At Christmas we tell the story about how the Creator of the Universe got
born in a stable in an out-of-the way backwater of the Roman Empire. At Easter we proclaim that the one previously
born in the barn was now resurrected after having been executed by that same
empire. Fifty days later, at Pentecost, we celebrate the settling of that one’s
wild, unpredictable spirit on those of us who follow him—an event compared in
the Book of Acts to a massive, uncontrollable windstorm and flames of fire. Do we observe these holidays with week-long
rave parties, mosh pits, and wild dancing?
Episcopalians? No way! We walk
demurely into stately buildings (like this one) in an organized and dignified
manner, we read these bizarre and powerful stories aloud but very calmly, and
then a person like me gets up in a pulpit like this and says something nice and
soothing and maybe interesting about them.
We say some prayers, we distribute tiny, symmetrical wafers that we
claim to be real bread, and we sing songs that while certainly beautiful are
not in danger of increasing our heart rates—unless, of course, it’s a C3 Sunday.

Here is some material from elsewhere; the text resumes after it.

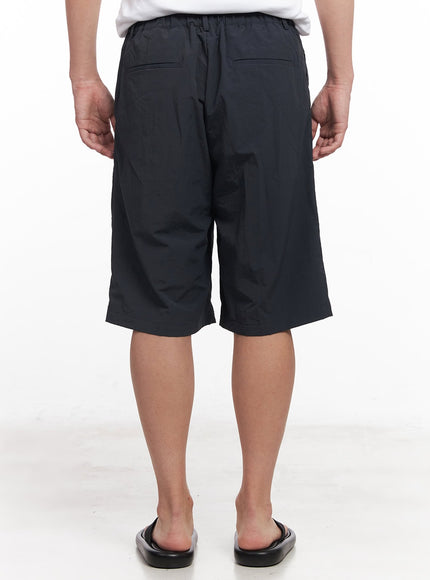 mens-wide-fit-nylon-pintuck-shorts-iy522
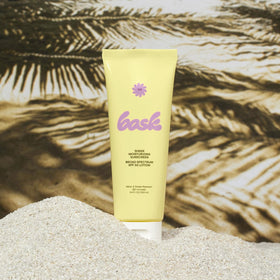 Bask texture close-up displaying smooth sheer lotion for fast absorption benefit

Then just as calmly and discreetly as we entered, we leave.
And so
we’ve survived another encounter with the divine. That may be a bit of an exaggeration, but not
much. Over the years, people like me have done our best to keep the holy at
bay, held safely as far away from people like you as we can. But domesticating the holy is an impossible
task. No matter how much people like me
try their best to insulate you from it, the divine keeps breaking through. It’s no accident that backwoods Appalachian
Christians call themselves “snake-handlers”.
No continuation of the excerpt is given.